Exercise requirements:
Give again the lines of the data from its first line through the line with "Mac Duggal Floral". Change nothing.

(Supplied information)

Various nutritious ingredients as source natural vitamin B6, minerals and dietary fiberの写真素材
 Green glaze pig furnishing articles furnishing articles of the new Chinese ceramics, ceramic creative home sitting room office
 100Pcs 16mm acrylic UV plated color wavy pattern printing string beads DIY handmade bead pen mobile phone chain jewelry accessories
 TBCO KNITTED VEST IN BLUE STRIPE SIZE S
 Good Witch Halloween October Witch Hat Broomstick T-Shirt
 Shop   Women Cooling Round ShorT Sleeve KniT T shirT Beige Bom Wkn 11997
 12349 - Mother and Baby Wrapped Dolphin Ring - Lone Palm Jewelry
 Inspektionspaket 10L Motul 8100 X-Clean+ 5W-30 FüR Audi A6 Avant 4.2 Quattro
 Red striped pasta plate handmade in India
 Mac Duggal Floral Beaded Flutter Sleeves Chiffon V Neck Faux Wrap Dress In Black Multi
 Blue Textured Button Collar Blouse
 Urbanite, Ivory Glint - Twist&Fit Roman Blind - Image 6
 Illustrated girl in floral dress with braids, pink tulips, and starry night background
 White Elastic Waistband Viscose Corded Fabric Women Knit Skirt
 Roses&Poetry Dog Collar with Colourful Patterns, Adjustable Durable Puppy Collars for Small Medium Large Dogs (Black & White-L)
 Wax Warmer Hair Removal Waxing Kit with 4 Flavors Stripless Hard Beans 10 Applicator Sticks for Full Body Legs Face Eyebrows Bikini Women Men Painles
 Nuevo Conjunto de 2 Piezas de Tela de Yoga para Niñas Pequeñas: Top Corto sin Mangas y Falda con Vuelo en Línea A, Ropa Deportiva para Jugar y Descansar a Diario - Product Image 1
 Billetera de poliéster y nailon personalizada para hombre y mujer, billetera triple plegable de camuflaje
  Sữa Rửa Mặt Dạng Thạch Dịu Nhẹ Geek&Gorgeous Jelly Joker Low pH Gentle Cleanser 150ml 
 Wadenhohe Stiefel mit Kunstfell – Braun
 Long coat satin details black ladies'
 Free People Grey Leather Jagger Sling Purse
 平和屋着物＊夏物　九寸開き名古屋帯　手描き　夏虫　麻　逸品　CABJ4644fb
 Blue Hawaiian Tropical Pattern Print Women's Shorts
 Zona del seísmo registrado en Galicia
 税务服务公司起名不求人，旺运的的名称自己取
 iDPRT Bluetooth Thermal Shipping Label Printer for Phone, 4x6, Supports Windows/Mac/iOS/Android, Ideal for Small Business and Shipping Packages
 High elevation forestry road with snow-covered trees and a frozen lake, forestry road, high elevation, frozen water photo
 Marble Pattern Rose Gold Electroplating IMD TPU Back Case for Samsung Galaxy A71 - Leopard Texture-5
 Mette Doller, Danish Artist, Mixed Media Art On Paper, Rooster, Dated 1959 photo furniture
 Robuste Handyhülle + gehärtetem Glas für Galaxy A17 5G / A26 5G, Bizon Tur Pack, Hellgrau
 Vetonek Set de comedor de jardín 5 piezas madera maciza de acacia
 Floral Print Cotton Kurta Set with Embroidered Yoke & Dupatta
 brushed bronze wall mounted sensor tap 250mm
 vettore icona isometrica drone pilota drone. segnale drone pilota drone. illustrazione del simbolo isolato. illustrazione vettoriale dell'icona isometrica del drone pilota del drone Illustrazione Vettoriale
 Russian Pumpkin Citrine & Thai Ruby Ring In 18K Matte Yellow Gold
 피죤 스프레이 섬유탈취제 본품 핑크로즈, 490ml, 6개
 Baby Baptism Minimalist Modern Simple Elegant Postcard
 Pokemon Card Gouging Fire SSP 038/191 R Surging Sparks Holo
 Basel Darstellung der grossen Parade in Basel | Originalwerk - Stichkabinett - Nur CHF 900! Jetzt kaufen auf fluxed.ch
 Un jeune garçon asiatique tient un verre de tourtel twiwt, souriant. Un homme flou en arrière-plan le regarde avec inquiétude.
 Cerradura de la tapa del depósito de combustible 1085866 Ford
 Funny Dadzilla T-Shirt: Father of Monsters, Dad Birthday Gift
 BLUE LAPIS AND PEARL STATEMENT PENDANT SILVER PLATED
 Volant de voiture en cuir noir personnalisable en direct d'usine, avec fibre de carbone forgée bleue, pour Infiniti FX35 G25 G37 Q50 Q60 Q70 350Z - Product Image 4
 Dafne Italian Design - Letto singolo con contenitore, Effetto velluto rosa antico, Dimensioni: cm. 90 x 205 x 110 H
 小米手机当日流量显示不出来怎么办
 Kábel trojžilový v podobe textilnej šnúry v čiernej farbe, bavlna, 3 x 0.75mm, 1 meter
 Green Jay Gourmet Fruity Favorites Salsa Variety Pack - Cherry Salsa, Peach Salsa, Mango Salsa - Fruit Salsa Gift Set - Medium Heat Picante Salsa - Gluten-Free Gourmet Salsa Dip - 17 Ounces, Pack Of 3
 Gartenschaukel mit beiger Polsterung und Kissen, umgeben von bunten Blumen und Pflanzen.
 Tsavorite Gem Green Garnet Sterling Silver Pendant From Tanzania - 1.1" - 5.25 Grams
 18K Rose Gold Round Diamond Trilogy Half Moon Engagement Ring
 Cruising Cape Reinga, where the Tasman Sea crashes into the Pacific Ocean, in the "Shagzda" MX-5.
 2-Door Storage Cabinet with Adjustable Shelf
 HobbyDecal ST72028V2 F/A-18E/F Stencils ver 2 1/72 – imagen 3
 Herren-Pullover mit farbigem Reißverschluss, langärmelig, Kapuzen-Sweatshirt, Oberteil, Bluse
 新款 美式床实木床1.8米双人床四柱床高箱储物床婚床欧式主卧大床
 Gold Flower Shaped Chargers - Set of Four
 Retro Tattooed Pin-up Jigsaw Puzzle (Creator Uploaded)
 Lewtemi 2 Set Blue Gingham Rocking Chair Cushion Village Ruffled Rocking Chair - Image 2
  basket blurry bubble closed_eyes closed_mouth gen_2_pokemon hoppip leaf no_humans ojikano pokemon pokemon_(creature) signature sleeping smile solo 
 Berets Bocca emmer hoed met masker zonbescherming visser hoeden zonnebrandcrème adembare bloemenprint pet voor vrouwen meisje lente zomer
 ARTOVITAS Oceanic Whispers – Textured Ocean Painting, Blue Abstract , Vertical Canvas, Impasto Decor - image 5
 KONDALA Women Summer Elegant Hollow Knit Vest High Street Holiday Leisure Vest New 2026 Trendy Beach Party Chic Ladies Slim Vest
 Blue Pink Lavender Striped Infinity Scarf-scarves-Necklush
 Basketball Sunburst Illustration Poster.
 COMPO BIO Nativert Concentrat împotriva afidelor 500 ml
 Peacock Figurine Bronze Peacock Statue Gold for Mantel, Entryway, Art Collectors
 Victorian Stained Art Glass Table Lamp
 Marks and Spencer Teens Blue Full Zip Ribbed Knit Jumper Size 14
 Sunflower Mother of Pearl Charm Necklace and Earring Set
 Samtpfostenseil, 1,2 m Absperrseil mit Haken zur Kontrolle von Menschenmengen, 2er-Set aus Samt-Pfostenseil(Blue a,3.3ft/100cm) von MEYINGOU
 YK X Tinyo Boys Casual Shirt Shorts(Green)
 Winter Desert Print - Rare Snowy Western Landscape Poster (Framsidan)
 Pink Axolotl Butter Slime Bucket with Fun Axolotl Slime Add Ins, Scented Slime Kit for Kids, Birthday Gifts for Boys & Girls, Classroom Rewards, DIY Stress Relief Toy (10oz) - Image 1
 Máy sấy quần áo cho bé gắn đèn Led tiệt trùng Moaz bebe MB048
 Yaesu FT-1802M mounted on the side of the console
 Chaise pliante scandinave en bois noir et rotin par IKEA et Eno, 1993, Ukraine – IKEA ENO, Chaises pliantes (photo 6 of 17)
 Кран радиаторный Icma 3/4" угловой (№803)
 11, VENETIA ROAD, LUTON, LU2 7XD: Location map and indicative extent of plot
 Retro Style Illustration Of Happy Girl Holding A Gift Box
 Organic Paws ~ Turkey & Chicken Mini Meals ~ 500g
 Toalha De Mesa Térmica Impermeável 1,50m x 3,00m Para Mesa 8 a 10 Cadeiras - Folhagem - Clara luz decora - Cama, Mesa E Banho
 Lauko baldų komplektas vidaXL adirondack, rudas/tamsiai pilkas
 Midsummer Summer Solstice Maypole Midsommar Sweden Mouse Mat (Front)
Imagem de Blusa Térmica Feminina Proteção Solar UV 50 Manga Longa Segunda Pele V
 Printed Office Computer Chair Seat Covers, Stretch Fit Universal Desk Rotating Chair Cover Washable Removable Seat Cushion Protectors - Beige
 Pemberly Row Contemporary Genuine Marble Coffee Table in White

(End Supplied information)

Final answer:
Various nutritious ingredients as source natural vitamin B6, minerals and dietary fiberの写真素材
 Green glaze pig furnishing articles furnishing articles of the new Chinese ceramics, ceramic creative home sitting room office
 100Pcs 16mm acrylic UV plated color wavy pattern printing string beads DIY handmade bead pen mobile phone chain jewelry accessories
 TBCO KNITTED VEST IN BLUE STRIPE SIZE S
 Good Witch Halloween October Witch Hat Broomstick T-Shirt
 Shop   Women Cooling Round ShorT Sleeve KniT T shirT Beige Bom Wkn 11997
 12349 - Mother and Baby Wrapped Dolphin Ring - Lone Palm Jewelry
 Inspektionspaket 10L Motul 8100 X-Clean+ 5W-30 FüR Audi A6 Avant 4.2 Quattro
 Red striped pasta plate handmade in India
 Mac Duggal Floral Beaded Flutter Sleeves Chiffon V Neck Faux Wrap Dress In Black Multi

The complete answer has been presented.